For Baudelaire, the key words were: Multitude, solitude: equal and convertible terms for the active and fecund poet. He who does not know how to people his solitude will not know either how to be alone in a bustling crowd. The poet enjoys the incomparable privilege of being able as he likes to be himself and others. Like those wandering souls which search for a body, he can enter every person whenever he wants .... The solitary and pensive walker draws from this universal communion a singular sense of intoxication."
No photographer is more typical of this approach than Helen Levitt, whose lyrical work was a direct result of her love of walking and her desire to immerse herself in the "fugitive and infinite" vitality of the street. A deeply private person, Levitt photographed strictly for her own pleasure and belonged to no organised groups.

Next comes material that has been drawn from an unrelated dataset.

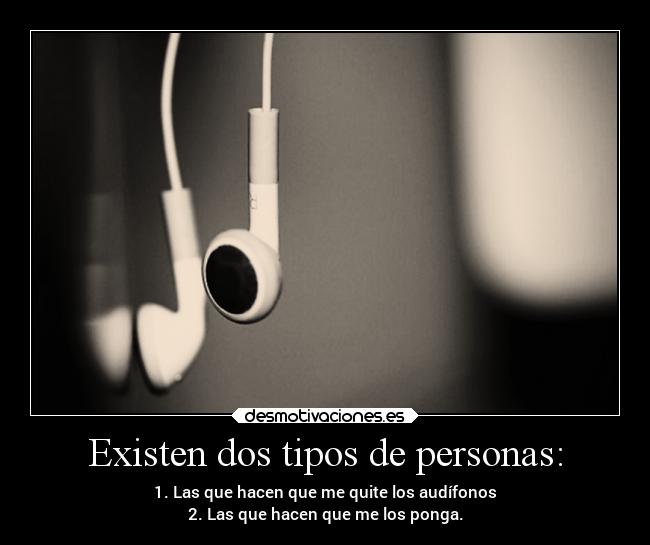 Existen dos tipos de personas: - 1. Las que hacen que me quite los audífonos
2. Las que hacen que me los ponga.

She was influenced by her close friendships with Walker Evans and Ben Shahn, and later, by certain visual techniques she developed in her work in film. "' In 1935, she was strongly impressed by the work of Henri Cartier-Bresson, the great exponent of the 35mm Leica camera. Levitt's own photographs were also made with a Leica, which she often equipped with a right-angle viewfinder. This practice allowed her to work unobtrusively, almost invisibly -in the poor or working-class communities of New York City. In these neighbourhoods, the rhythms of daily life were played out in full view on public sidewalks. Levitt responded to this protean theatre of the street by creating photographs that are lyrical, uncontrived, and mysterious. Fascinated by the simplest marks and the most fleeting gestures, Levitt made images of children's graffiti that suggest the timeless human need for self-expression, as well as the surprising insights of un-selfconscious artists. Other works, like New York, Ca. 1942, subtly explore the complex network of connections between individuals and their surroundings. In this case, Levitt creates a gentle mystery from the evidence of touch, expression, and glance, while using internal framing devices to hint at the constraints of these lives. Levitt received high critical praise in the 1940s: her pictures were published in and elsewhere and exhibited at the Museum of Modern Art. Unfortunately, however, the first book of her photographs did not appear for many years: A Way of Seeing, a selection of forty-four uncaptioned images with an eloquent essay by James Agee, was assembled in 1946 but not published until 1965.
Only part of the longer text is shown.